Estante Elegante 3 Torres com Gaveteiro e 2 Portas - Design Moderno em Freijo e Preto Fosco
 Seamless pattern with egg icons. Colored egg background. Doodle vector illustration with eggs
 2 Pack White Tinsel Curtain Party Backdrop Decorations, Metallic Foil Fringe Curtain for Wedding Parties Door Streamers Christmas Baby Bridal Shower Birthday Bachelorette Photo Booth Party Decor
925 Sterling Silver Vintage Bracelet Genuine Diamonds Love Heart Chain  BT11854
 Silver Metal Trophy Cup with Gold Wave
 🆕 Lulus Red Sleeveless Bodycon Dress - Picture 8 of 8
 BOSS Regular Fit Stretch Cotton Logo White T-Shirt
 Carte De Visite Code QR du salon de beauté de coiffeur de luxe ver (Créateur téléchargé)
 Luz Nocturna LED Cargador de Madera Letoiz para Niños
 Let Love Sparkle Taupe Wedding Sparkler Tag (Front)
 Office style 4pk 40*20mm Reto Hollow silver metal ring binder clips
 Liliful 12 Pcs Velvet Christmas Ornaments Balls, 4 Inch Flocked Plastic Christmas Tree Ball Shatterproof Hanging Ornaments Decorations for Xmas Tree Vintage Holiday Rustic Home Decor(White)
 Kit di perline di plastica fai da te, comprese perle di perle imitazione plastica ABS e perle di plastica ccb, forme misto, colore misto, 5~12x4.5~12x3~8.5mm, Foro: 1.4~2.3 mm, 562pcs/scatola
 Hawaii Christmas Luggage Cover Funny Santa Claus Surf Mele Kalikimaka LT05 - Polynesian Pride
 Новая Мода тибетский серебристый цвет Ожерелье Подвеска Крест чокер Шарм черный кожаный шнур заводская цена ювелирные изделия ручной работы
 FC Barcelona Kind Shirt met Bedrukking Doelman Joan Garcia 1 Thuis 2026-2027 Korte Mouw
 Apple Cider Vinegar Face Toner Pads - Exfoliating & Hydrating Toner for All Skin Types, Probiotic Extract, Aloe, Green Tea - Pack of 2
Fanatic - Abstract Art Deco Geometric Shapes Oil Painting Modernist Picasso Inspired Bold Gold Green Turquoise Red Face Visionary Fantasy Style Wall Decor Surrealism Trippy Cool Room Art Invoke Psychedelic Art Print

## [What to do]
Begin at the first line of the entries above and copy every line exactly, ending with the line that contains "Apple Cider Vinegar".

## [Solution to this task]
Estante Elegante 3 Torres com Gaveteiro e 2 Portas - Design Moderno em Freijo e Preto Fosco
 Seamless pattern with egg icons. Colored egg background. Doodle vector illustration with eggs
 2 Pack White Tinsel Curtain Party Backdrop Decorations, Metallic Foil Fringe Curtain for Wedding Parties Door Streamers Christmas Baby Bridal Shower Birthday Bachelorette Photo Booth Party Decor
925 Sterling Silver Vintage Bracelet Genuine Diamonds Love Heart Chain  BT11854
 Silver Metal Trophy Cup with Gold Wave
 🆕 Lulus Red Sleeveless Bodycon Dress - Picture 8 of 8
 BOSS Regular Fit Stretch Cotton Logo White T-Shirt
 Carte De Visite Code QR du salon de beauté de coiffeur de luxe ver (Créateur téléchargé)
 Luz Nocturna LED Cargador de Madera Letoiz para Niños
 Let Love Sparkle Taupe Wedding Sparkler Tag (Front)
 Office style 4pk 40*20mm Reto Hollow silver metal ring binder clips
 Liliful 12 Pcs Velvet Christmas Ornaments Balls, 4 Inch Flocked Plastic Christmas Tree Ball Shatterproof Hanging Ornaments Decorations for Xmas Tree Vintage Holiday Rustic Home Decor(White)
 Kit di perline di plastica fai da te, comprese perle di perle imitazione plastica ABS e perle di plastica ccb, forme misto, colore misto, 5~12x4.5~12x3~8.5mm, Foro: 1.4~2.3 mm, 562pcs/scatola
 Hawaii Christmas Luggage Cover Funny Santa Claus Surf Mele Kalikimaka LT05 - Polynesian Pride
 Новая Мода тибетский серебристый цвет Ожерелье Подвеска Крест чокер Шарм черный кожаный шнур заводская цена ювелирные изделия ручной работы
 FC Barcelona Kind Shirt met Bedrukking Doelman Joan Garcia 1 Thuis 2026-2027 Korte Mouw
 Apple Cider Vinegar Face Toner Pads - Exfoliating & Hydrating Toner for All Skin Types, Probiotic Extract, Aloe, Green Tea - Pack of 2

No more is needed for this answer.